News / Nasional
Rabu, 24 September 2025 | 19:10 WIB
Ketua Ikatan Karyawan Purna Bakti Askes Gorontalo, Syahrudin Sam Biya, saat audiensi dengan Komisi 9 DPR RI di Kompleks DPR RI, Jakarta, Rabu. ANTARA/Anita Permata Dewi
Baca 10 detik
  • Lebih dari 1.600 mantan karyawan PT Askes (kini BPJS Kesehatan) mendatangi Komisi IX DPR RI untuk memperjuangkan pencairan dana Jaminan Hari Tua (JHT) 
  • Para pensiunan terdesak oleh kebutuhan ekonomi yang mendesak, sementara BPJS Kesehatan menolak pencairan 
  • Terjadi perselisihan interpretasi aturan, di mana para pensiunan berpegang pada POJK dan ketentuan aplikasi BRImo yang memungkinkan pencairan

Suara.com - Suara jeritan para pensiunan menggema di Kompleks Parlemen Senayan. Ratusan mantan karyawan PT Askes, cikal bakal BPJS Kesehatan, terpaksa mengadukan nasib mereka ke Komisi IX DPR RI setelah upaya mencairkan dana Jaminan Hari Tua (JHT) yang menjadi hak mereka menemui jalan buntu.

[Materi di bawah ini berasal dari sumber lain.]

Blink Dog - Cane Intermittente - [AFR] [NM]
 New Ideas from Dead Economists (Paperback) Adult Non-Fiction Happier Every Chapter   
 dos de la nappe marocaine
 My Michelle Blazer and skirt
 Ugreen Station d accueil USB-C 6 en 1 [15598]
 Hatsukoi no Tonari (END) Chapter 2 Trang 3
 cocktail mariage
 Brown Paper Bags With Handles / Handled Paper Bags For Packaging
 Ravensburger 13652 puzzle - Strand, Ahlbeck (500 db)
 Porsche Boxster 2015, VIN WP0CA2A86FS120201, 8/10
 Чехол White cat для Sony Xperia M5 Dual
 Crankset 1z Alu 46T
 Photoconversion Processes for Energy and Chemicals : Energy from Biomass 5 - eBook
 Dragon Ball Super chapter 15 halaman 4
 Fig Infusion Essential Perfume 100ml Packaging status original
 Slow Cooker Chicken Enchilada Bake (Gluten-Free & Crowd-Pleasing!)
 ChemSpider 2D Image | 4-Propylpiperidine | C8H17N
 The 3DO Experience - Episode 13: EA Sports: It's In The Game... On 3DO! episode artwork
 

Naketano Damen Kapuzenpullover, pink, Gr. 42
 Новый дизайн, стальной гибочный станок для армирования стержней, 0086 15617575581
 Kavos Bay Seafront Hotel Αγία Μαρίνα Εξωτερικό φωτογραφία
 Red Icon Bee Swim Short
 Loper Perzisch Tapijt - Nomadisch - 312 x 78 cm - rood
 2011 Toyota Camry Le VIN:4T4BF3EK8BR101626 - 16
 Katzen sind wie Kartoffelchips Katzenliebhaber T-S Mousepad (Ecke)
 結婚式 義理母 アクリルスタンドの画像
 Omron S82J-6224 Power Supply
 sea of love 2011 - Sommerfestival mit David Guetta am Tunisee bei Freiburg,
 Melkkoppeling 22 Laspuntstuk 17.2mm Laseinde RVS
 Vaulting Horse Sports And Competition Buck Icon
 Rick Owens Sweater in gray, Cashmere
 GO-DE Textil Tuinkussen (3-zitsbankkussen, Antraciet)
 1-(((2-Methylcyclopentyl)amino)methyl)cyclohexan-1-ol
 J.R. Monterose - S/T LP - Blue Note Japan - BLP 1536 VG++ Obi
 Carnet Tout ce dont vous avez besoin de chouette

Di usia senja yang seharusnya dinikmati dengan tenang, mereka justru dihadapkan pada kesulitan ekonomi yang semakin parah. Dana pensiun yang tersimpan di Dana Pensiun Lembaga Keuangan (DPLK) BRI tak kunjung bisa dicairkan, tertahan oleh kebijakan manajemen BPJS Kesehatan.

"Kami menyampaikan masalah nasib teman-teman kami untuk proses pencairan dana DPLK BRI yang tertahan oleh kebijakan manajemen BPJS," ujar Syahrudin Sam Biya, Ketua Ikatan Karyawan Purna Bhakti Askes Gorontalo, dengan nada prihatin saat audiensi di Jakarta, Rabu (24/9/2025).

Menurut Syahrudin, ada lebih dari 1.600 mantan karyawan PT Askes di seluruh Indonesia yang nasibnya kini terkatung-katung, menanti kepastian pencairan dana yang sangat mereka butuhkan untuk menyambung hidup.

Alasan mereka mendesak pencairan ini sangat mendasar, perut. Kondisi ekonomi keluarga yang terus memburuk akibat pendapatan yang minim sementara harga kebutuhan pokok terus meroket membuat mereka tak punya pilihan lain.

Ditambah lagi, trauma skandal Jiwasraya di masa lalu membayangi benak mereka, menimbulkan kekhawatiran uang hasil jerih payah mereka selama puluhan tahun akan lenyap.

"Pendapatan minim, kebutuhan pokok sehari-hari terus meningkat yang berdampak pada ekonomi keluarga yang semakin memburuk. Trauma sengkarut Jiwasraya, hilangnya restitusi premi yang terkumpul," keluh Syahrudin sebagaimana dilansir Antara.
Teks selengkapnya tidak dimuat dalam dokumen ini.